> _What is being asked_:
Would you restate all the data that follows, word for word?

> _Dataset extract_:
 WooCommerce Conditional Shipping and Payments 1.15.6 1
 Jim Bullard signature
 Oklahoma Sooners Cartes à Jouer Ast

> _Answer space_:
 WooCommerce Conditional Shipping and Payments 1.15.6 1
 Jim Bullard signature
 Oklahoma Sooners Cartes à Jouer Ast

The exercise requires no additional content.